[[ Records provided open ]]
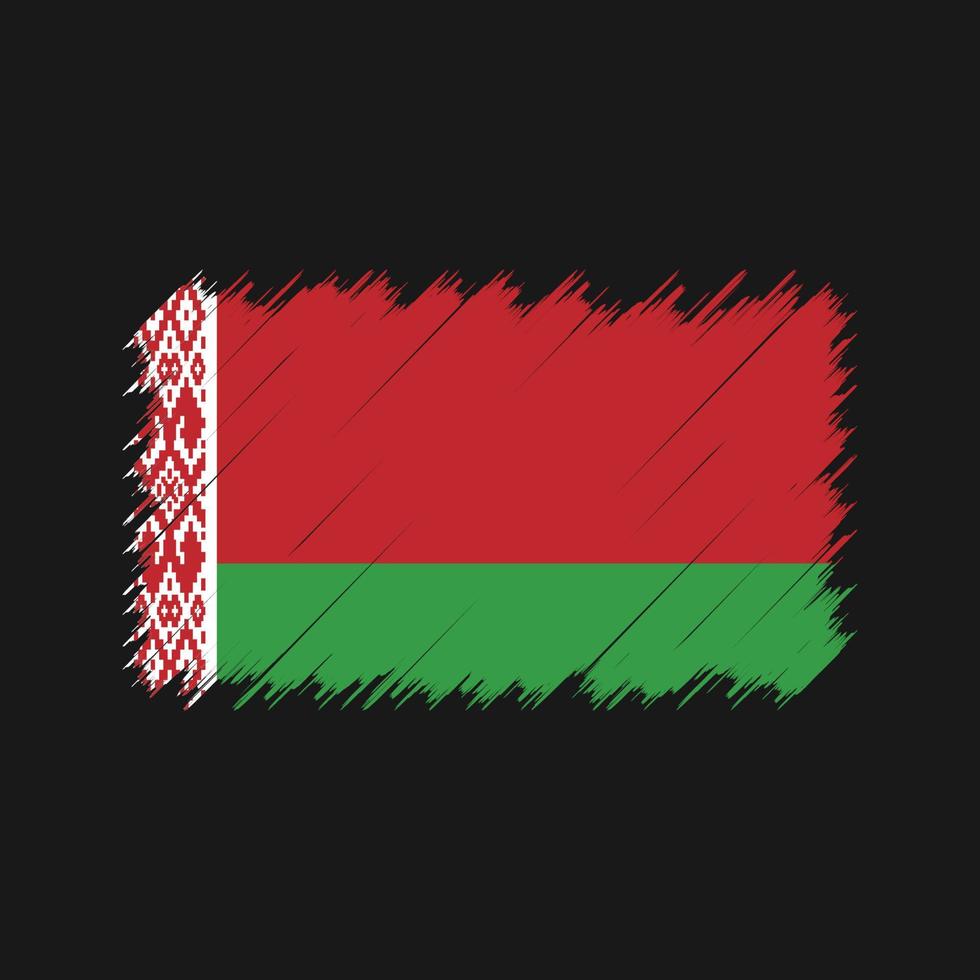 trazos de pincel de la bandera de Bielorrusia. bandera nacional vector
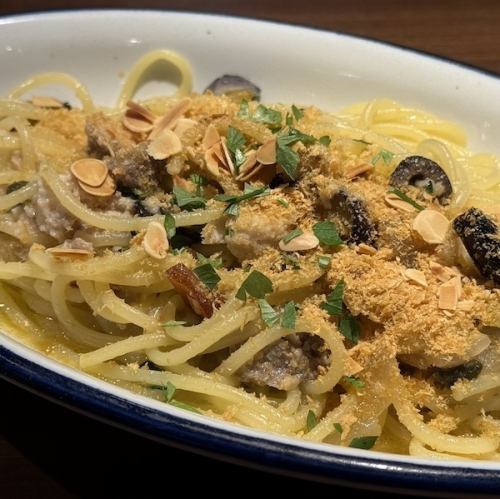 Swordfish and eggplant peperoncino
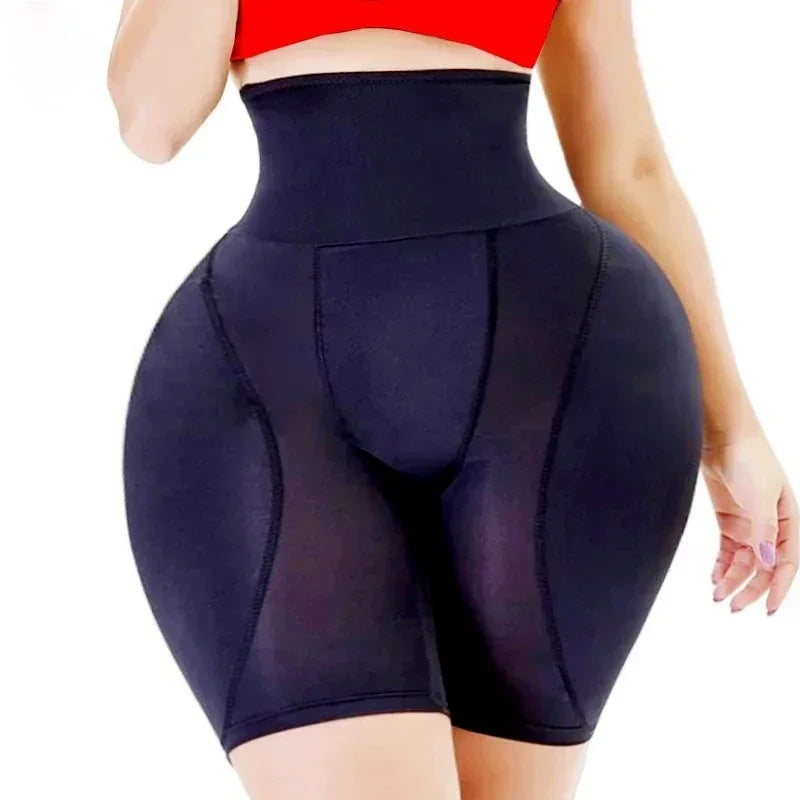 Ultimate Full Body Shaper - Padded Butt Lifter Bodysuit with Removable Hip Pads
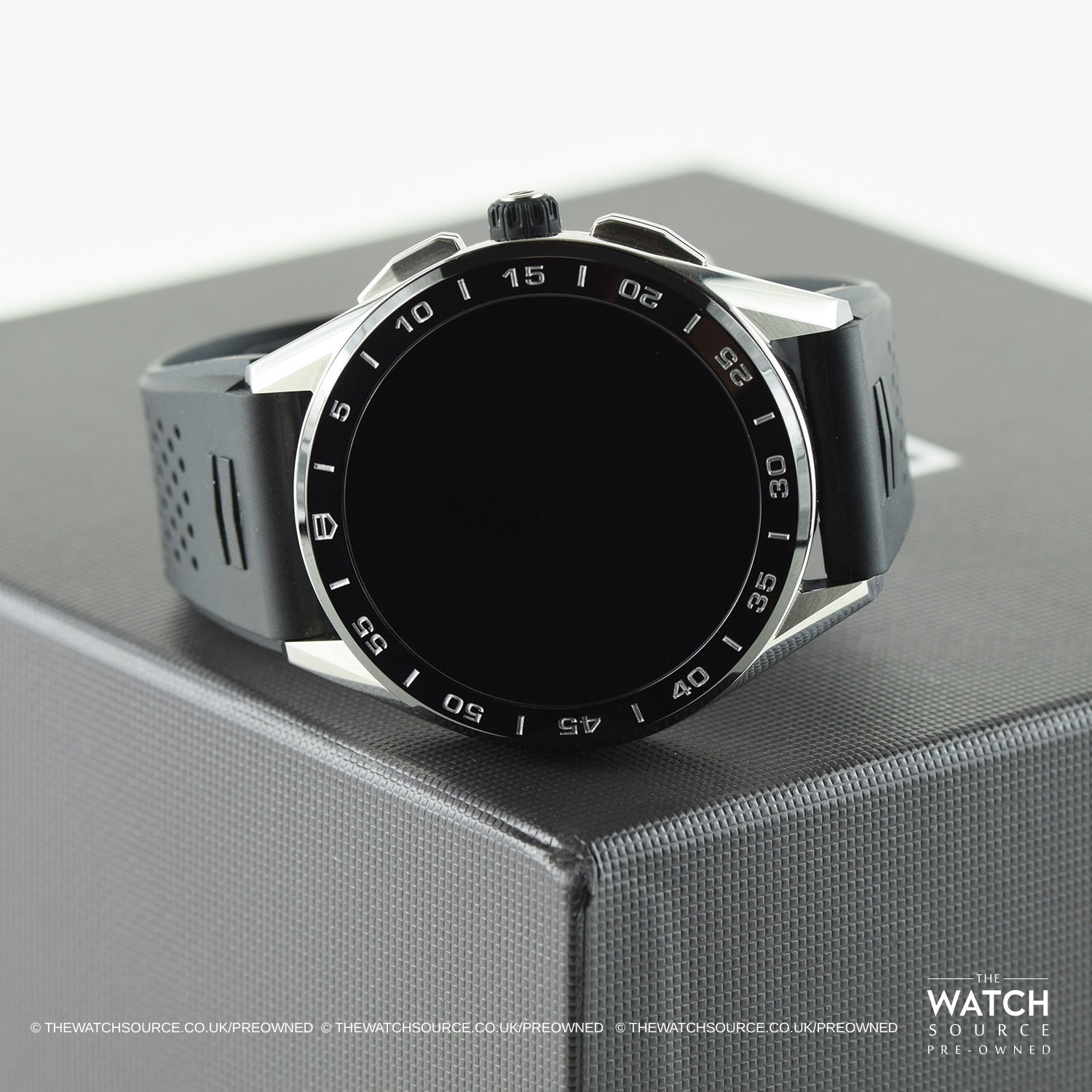 TAG Heuer Connected - Steel Case 45 mm - Black Rubber Band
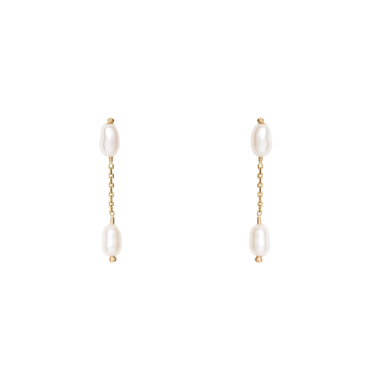 Short Pearl Shower Earrings — WWAKE Trunk Show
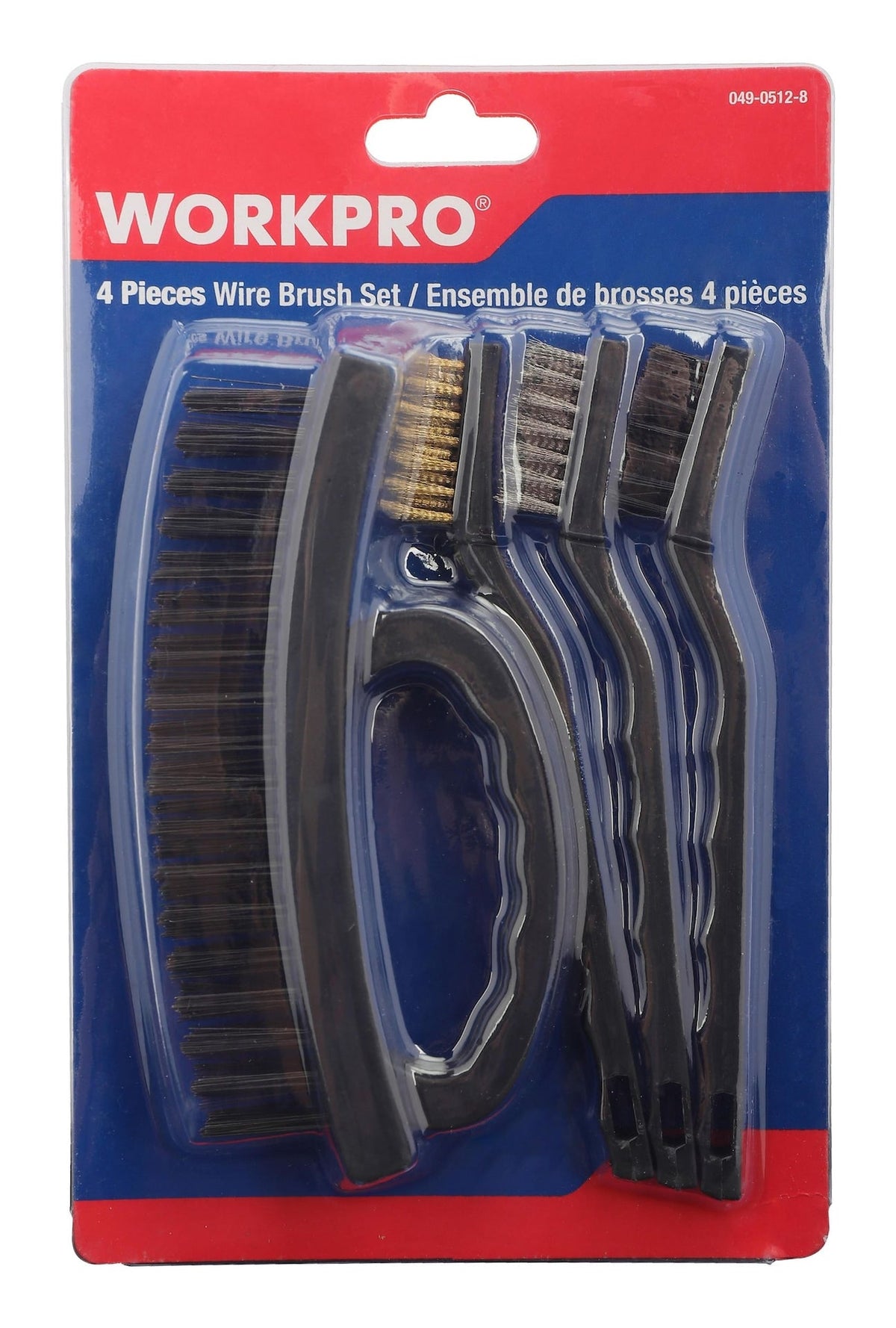 Carbon Steel Wire Cleaning Brush Set, Removes Paint, Rust & Dirt From Metal, 4-pc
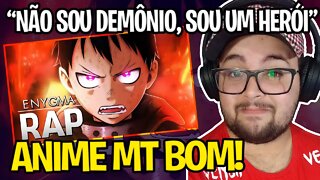 REAGINDO A Rap do Shinra (Fire Force) | Vou Ser Um Herói | Enygma 65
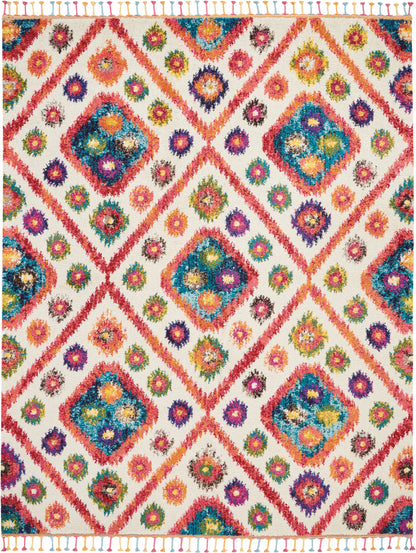 Nourison Home Nomad NMD03 Ivory Pink Transitional Power-loomed Rug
[[ Records provided closed ]]
Task directions ▸ Exactly the lines from the line with "Short Pearl Shower" through the end of the data are to be reproduced, and no picture is to be included.

Result ▸
 Short Pearl Shower Earrings — WWAKE Trunk Show
 Carbon Steel Wire Cleaning Brush Set, Removes Paint, Rust & Dirt From Metal, 4-pc
 REAGINDO A Rap do Shinra (Fire Force) | Vou Ser Um Herói | Enygma 65
 Nourison Home Nomad NMD03 Ivory Pink Transitional Power-loomed Rug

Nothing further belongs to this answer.